A team of researchers from Facebook and UC Berkeley has proposed a new paradigm for computer vision. Unlike conventional approaches that use pixel arrays and convolutions as image representations, the new paradigm leverages token-based image representation and visual transformers.

In the paper Visual Transformers: Token-based Image Representation and Processing for Computer Vision, the team demonstrates how the paradigm can overcome the limitations of existing approaches and achieve better performance with lower computational costs on vision tasks.

Visual information can be captured and processed as arrays of pixels. The computer vision field has seen significant advancements thanks to the de facto deep learning operators, convolutions, which can accept and output pixel arrays with great success. However, the limitations of such approaches have challenged researchers to improve on the current paradigm. Researchers have noticed for example that each pixel bears varying importance for the target task. Convolutions distribute computation over all pixels regardless of their relative importance, which eventually causes redundancy in both computation and representations.

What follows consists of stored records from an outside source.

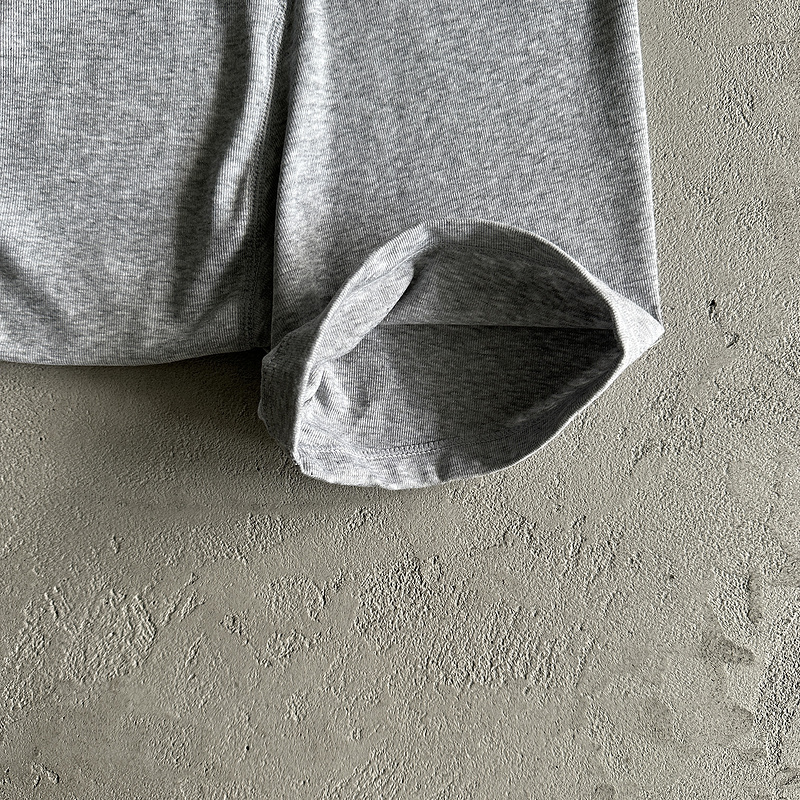 85¥ (3-pack) ALCATRAZ Boxer Briefs-White gray | Yupoo - Image 12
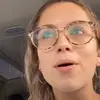 Maggie thurman - @tallgirls1 - TikTok
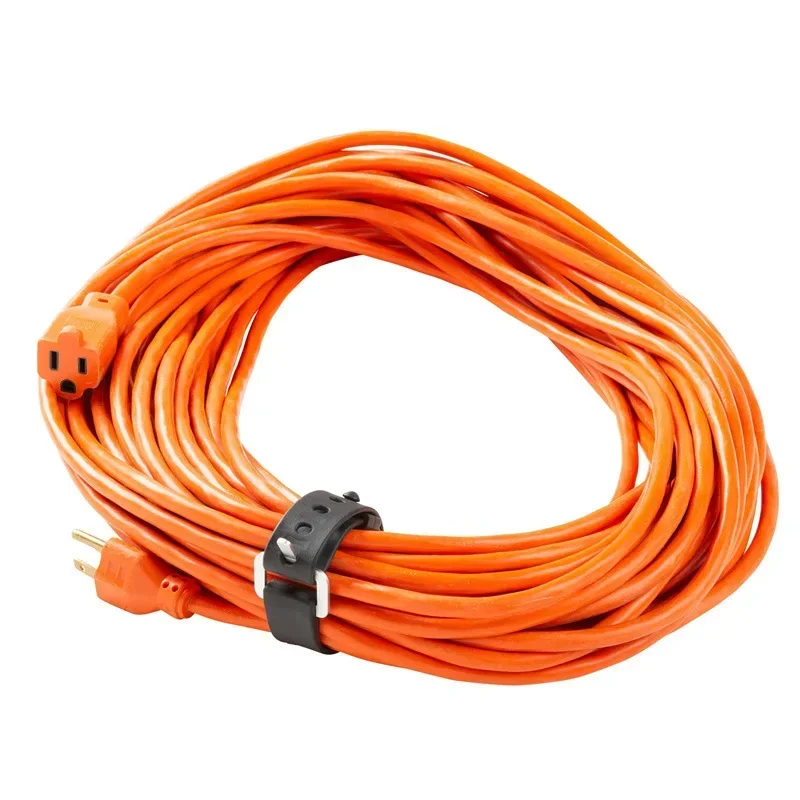 Durable Rubber Cargo Tie Down Travel Tied Belt Luggage Lash Belt Strap Camping Hiking Cargo Storage Buckle Camping Gear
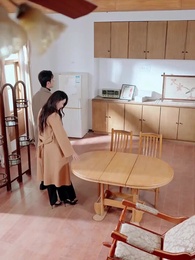 Episode 20 - Ex Weeps to Win Me Back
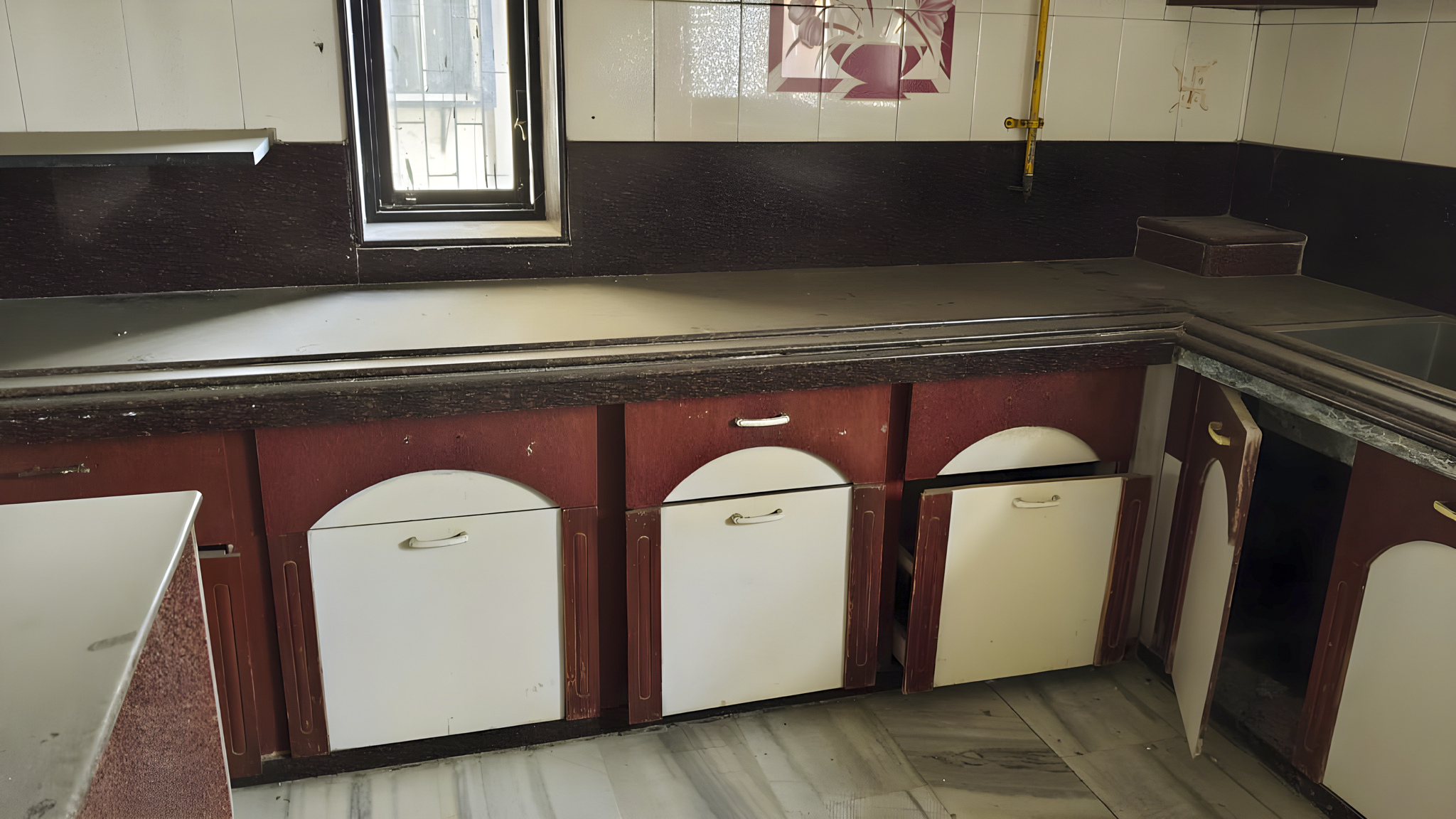 Flat for sale in Surat — photo 8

The deep learning architecture Transformer has been widely used in natural language processing (NLP) and is now gaining popularity in computer vision. In this study, the researchers replace pixel arrays with language-like descriptors, or tokens. Tokenization is a prevalent task in NLP that chops up given character sequences and defined document units into pieces called tokens — an instance of a sequence of characters that are grouped together as a useful semantic unit for processing.

A simple example of tokenization

The team first use convolutions to extract a feature map representation from a given image, as convolutions are very effective at processing low-level visual features. Once images represented as a set of visual tokens, researchers then apply visual transformers to find relationships between visual semantic concepts.

There are three major components in each stacked visual transformer — a tokenizer, a transformer, and a projector. The tokenizer is responsible for extracting a small number of visual tokens from the feature map. The transformer then captures the interaction between the visual tokens and computes output tokens. Finally, the projector fuses the output tokens back to the feature map. The researchers explain that they fuse the output of the transformer back to the feature map to augment the pixel-level representation because many vision tasks require pixel-level details that are not preserved in the visual tokens. The visual transformers layer ensures that both visual tokens and feature maps are used as output, where the former captures high-level semantics in the images while the latter preserves the pixel-level details.

In experiments, the researchers observed that the computational cost for the visual transformer is very low, given that the new paradigm only requires computing on a small number of visual tokens. On classification tasks on ImageNet, the team used ResNest as a baseline and replaced the last stage of the network with visual transformers blocks, resulting in savings of up to 6.9x MACs (multiply-accumulate operations, one of the most time-consuming operations in a deep neural network) for the stage, and achieving up to 4.53 points higher top-1 accuracy. The proposed paradigm showed similar advantages on the semantic segmentation task on COCO-Stuff and Look-Into-Person datasets.

The paper Visual Transformers: Token-based Image Representation and Processing for Computer Vision and pseudocode for the visual transformer are on arXiv, and the model will be open-sourced after the paper publication.